The base ring assembly 630 includes a base ring 640 and a contact
holder 642 held by the base ring 640. The base ring 640 is
configured to be secured to another structure, such as the device
612 (shown in FIG. 1). The base ring 640 may be secured to the
structure using fasteners 644, which may be threaded fasteners or
other types of fasteners in alternative embodiments. Optionally,
the supporting structure the base ring 640 is secured to may be a
heat sink that is configured to dissipate heat generated by the
light engine 614. The base ring 640 includes one or more securing
features 643 used to secure the top cover assembly 632 to the base
ring assembly 630. In the illustrated embodiment, the securing
features 643 constitute slots in the base ring 640. Other types of
securing features may be utilized in alternative embodiments, such
as a recess track, a protrusion, a fastener, a latch, and the
like.
The base ring 640 includes a top 645 and a bottom 646 opposite the
top 645. An opening 647 extends therethrough between the top 645
and the bottom 646. The opening 647 is aligned with, and may
receive a portion of, the LED package 616. In an exemplary
embodiment, the contact holder 642 and LED package 616 are received
in a lower chamber 650 at the bottom 646. With the LED 616 at the
bottom 646, the LED package 616 is configured to be seated on the
heat sink or other support structure to dissipate heat directly
from the LED package 616.
The base ring assembly 630 includes one or more optic holders 648
that secure the optical component 634 to the base ring 640. In the
illustrated embodiment, two optic holders 648 are used, however any
number of optic holders 648 may be used in alternative embodiments.
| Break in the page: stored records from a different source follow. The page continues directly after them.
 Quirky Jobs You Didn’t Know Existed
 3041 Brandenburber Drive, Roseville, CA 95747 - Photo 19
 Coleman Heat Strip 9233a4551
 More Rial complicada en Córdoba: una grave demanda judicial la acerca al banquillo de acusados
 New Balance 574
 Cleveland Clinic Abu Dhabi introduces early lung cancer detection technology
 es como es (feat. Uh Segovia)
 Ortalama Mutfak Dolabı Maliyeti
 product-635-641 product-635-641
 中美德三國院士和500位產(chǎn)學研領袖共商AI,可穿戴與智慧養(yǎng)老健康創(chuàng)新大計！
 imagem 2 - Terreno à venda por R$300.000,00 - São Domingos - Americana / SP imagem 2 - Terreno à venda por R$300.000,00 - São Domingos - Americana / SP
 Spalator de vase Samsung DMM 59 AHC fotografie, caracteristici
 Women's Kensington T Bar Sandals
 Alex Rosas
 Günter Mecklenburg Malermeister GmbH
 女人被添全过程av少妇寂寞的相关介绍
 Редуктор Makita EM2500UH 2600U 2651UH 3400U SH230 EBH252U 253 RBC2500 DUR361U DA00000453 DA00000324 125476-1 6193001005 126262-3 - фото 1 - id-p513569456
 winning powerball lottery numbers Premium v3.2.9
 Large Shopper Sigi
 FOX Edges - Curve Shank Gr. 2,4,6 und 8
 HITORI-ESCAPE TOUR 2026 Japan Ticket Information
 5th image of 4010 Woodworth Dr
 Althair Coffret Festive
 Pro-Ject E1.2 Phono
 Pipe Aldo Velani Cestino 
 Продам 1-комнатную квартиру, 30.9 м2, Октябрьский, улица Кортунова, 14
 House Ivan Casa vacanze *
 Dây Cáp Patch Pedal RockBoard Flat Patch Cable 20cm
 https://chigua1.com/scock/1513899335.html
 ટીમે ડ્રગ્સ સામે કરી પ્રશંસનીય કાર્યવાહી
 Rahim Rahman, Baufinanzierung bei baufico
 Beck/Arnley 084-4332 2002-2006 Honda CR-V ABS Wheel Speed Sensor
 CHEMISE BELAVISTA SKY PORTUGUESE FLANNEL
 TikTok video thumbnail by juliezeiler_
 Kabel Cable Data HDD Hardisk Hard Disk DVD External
In the illustrated embodiment, the optic holders 648 constitute
metal spring clips that are configured to releasably engage the
optical component 634 to releasably secure the optical component
634 to the base ring assembly 630. The spring clips are
deflectable. In an exemplary embodiment, the optic holders 648 are
coupled to the base ring 630 using the fasteners 644. The optic
holders 648 include mounts 649 extending from the spring clips that
extend around the fasteners 644. When the fasteners 644 secure the
base ring 640 to the supporting structure, the optic holders 648
are held against the top 645 of the base ring 640.
In alternative embodiments, the optic holders 648 may be secured to
the base ring 640 by other means or features. The optic holders 648
may be integrally formed with the base ring 640. The optic holders
648 may be captured between the base ring 640 and the contact
holder 642 and extend through openings in the base ring 640 such
that the optic holders 648 are provided along the top 645.
Optionally, rather than being secured to the base ring 640, the
optic holders 648 may be secured to the contact holder 642 or may
be integrally formed with the contact holder 642.
In an exemplary embodiment, the contact holder 642 is or includes a
circuit board having conductive traces that are electrically
connected to the power connector 636. The contact holder 642
includes a dielectric body, such as a plastic body, that is
received in the base ring 640. Optionally, the contact holder 642
may be held within the lower chamber 650 by an interference fit.
Alternatively, other securing means, such as fasteners, may be used
to hold the contact holder 642 within the base ring 640.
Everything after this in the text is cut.